Both the Android and iOS versions of the app were guilty of poor encryption, according to researchers at Wandera, a mobile data security firm based in San Francisco who discovered the issue. The company’s threat intel team, led by Michael Covington, VP of Product, were poking around popular sports apps last month, monitoring spikes in mobile traffic when they came across the vulnerability. The discovery, which Wandera made on March 18, happened to coincide with perhaps the most popular time of the year that sports fans download and use the app, the March Madness NCAA basketball tournament. The service allows fans to track teams and scores, both on the app and on CBS’ website. It’s unclear exactly how many users have downloaded the app for iOS, but it has somewhere between five and 10 million installs on Android, according to Google’s Play marketplace.

“Instead of developing mobile properties with the same security development lifecycle that is used for other aspects of their infrastructure, we are seeing developers push out code that clearly was not tested for the most basic of vulnerabilities,” Covington told Threatpost.

 

CBSSports.com suffered from a similar vulnerability as it failed to encrypt users data, but only transmitted users’ email addresses and passwords in cleartext. Another portion of the site, a “Forgot User ID or password” section where users can reset their passwords leaked users’ email addresses.

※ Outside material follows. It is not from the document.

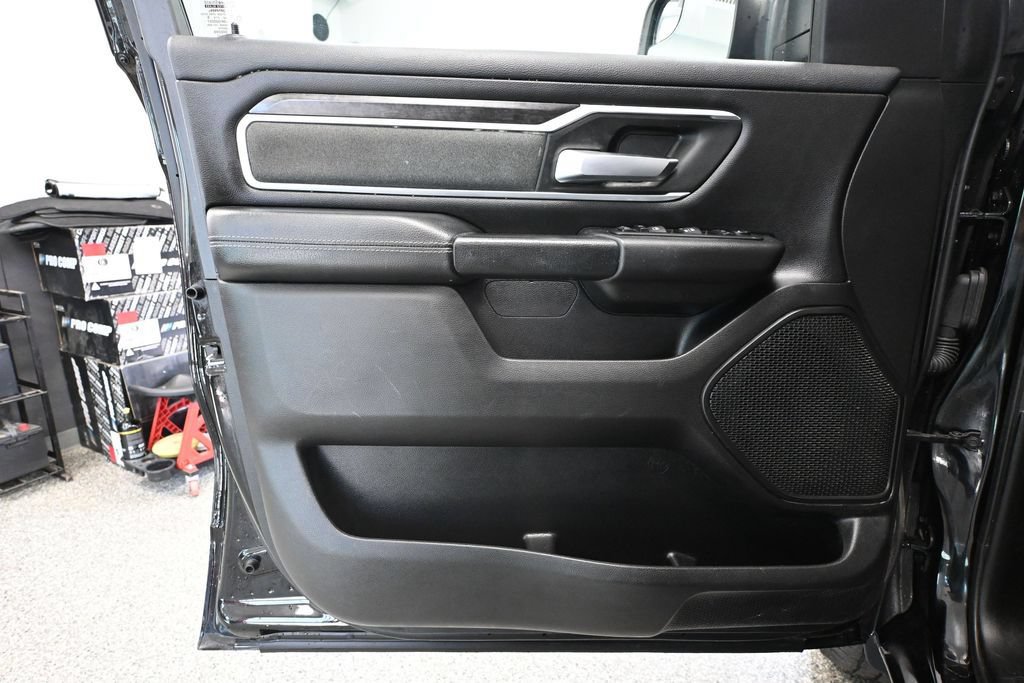 Used 2022 RAM 1500 Big Horn AWD/4WD image 14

According to Covington, the issue with CBS Sports stemmed from a lack of HTTPS, something CBS addressed after Wandera reached out and disclosed the issue. “As more companies begin to offer services for mobile platforms, we are seeing time-to-market take precedence over security best practices,” Covington told Threatpost Monday, “Instead of developing mobile properties with the the same security development lifecycle that is used for other aspects of their infrastructure, we are seeing developers push out code that clearly was not tested for the most basic of vulnerabilities.” “What is particularly alarming about this practice is that we are seeing it from companies of all sizes.  The CBS Sports app is one of the top news and sports apps in the US market and this vulnerability impacted a large number of users who simply wanted to participate in a major sporting event.”